Curated Optogenetic Publication Database

Abstract: Photoreceptor proteins regulate fundamental biological processes such as vision, photosynthesis and circadian rhythms1. A large photoreceptor subfamily uses vitamin B12 derivatives for light sensing2, contrasting with the well-established mode of action of these organometallic derivatives in thermally activated enzymatic reactions3. The exact molecular mechanism of B12 photoreception and how this differs from the thermal pathways remains unknown. Here we provide a detailed description of photoactivation in the prototypical B12 photoreceptor CarH4,5 from nanoseconds to seconds, combining time-resolved and temperature-resolved structural and spectroscopic methods with quantum chemical calculations. Building on the crystal structures of the initial tetrameric dark and final monomeric light-activated states5, our structural snapshots of key intermediates in the truncated B12-binding domain illustrate how photocleavage of a cobalt-carbon (Co-C) bond within the B12 chromophore adenosylcobalamin triggers a series of structural changes that propagate throughout CarH. Breakage of the photolabile Co-C5' bond leads to the formation of a previously unknown adduct that links the C4' position of the adenosyl moiety to the Co ion and can subsequently be cleaved thermally over longer timescales to allow release of the adenosyl group, ultimately causing tetramer dissociation4,5. This adduct, which differentiates CarH from thermally activated B12 enzymes, steers the photoactivation pathway and acts as the molecular bridge between photochemical and photobiological timescales.

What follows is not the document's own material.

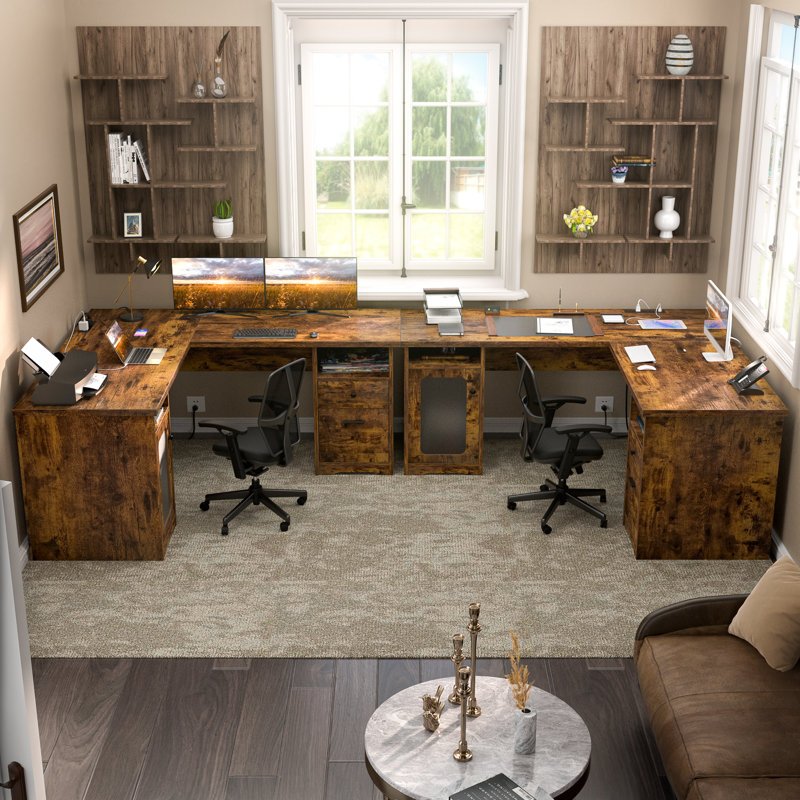 Detcho 60'' L Shaped Executive Desk with Drawers and Power Outlets, Brown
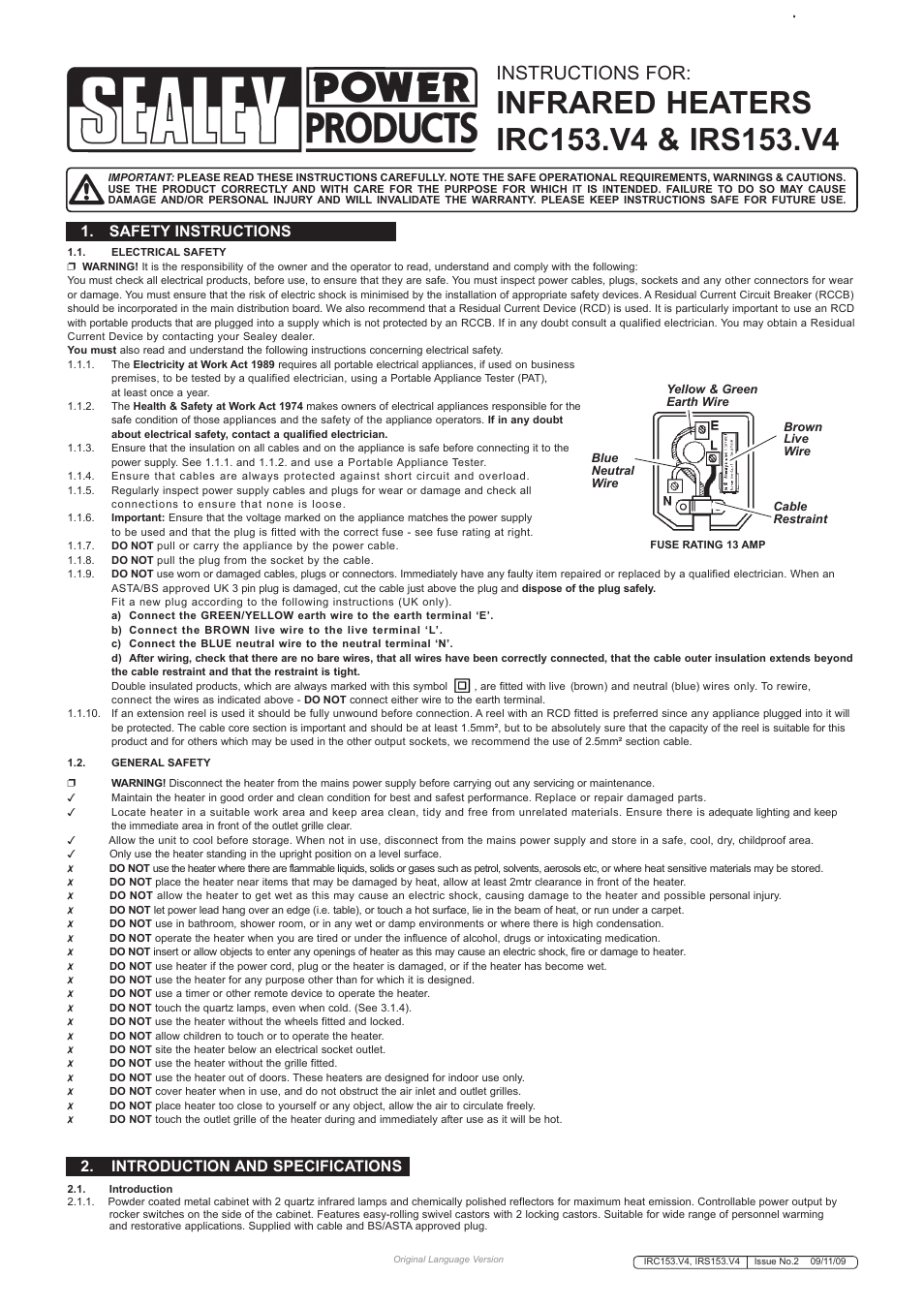 Sealey IRC153 User Manual | 2 pages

The biological relevance of our study is corroborated by kinetic data on full-length CarH in the presence of DNA. Our results offer a spatiotemporal understanding of CarH photoactivation and pave the way for designing B12-dependent photoreceptors for optogenetic applications.

Abstract: miniSOG is the first flavin-binding protein that has been developed with the specific aim of serving as a genetically-encodable light-induced source of singlet oxygen (1O2). We have determined its 1.17 Å resolution structure, which has allowed us to investigate its mechanism of photosensitization using an integrated approach combining spectroscopic and structural methods. Our results provide a structural framework to explain the ability of miniSOG to produce 1O2 as a competition between oxygen- and protein quenching of its triplet state. In addition, a third excited-state decay pathway has been identified that is pivotal for the performance of miniSOG as 1O2 photosensitizer, namely the photo-induced transformation of flavin mononucleotide (FMN) into lumichrome, which increases the accessibility of oxygen to the flavin FMN chromophore and makes protein quenching less favourable. The combination of the two effects explains the increase in the 1O2 quantum yield by one order of magnitude upon exposure to blue light. Besides, we have identified several surface electron-rich residues that are progressively photo-oxidized, further contributing to facilitate the production of 1O2. Our results help reconcile the apparent poor level of 1O2 generation by miniSOG and its excellent performance in correlative light and electron microscopy experiments.

Abstract: Cell ablation is a strategy to study cell lineage and function during development. Optogenetic methods are an important cell-ablation approach, and we have previously developed a mini singlet oxygen generator (miniSOG) tool that works in the living Caenorhabditis elegans. Here, we use directed evolution to generate miniSOG2, an improved tool for cell ablation via photogenerated reactive oxygen species. We apply miniSOG2 to a far more complex model animal system, Drosophila melanogaster, and demonstrate that it can be used to kill a single neuron in a Drosophila larva. In addition, miniSOG2 is able to photoablate a small group of cells in one of the larval wing imaginal discs, resulting in an adult with one incomplete and one normal wing. We expect miniSOG2 to be a useful optogenetic tool for precision cell ablation at a desired developmental time point in live animals, thus opening a new window into cell origin, fate and function, tissue regeneration, and developmental biology.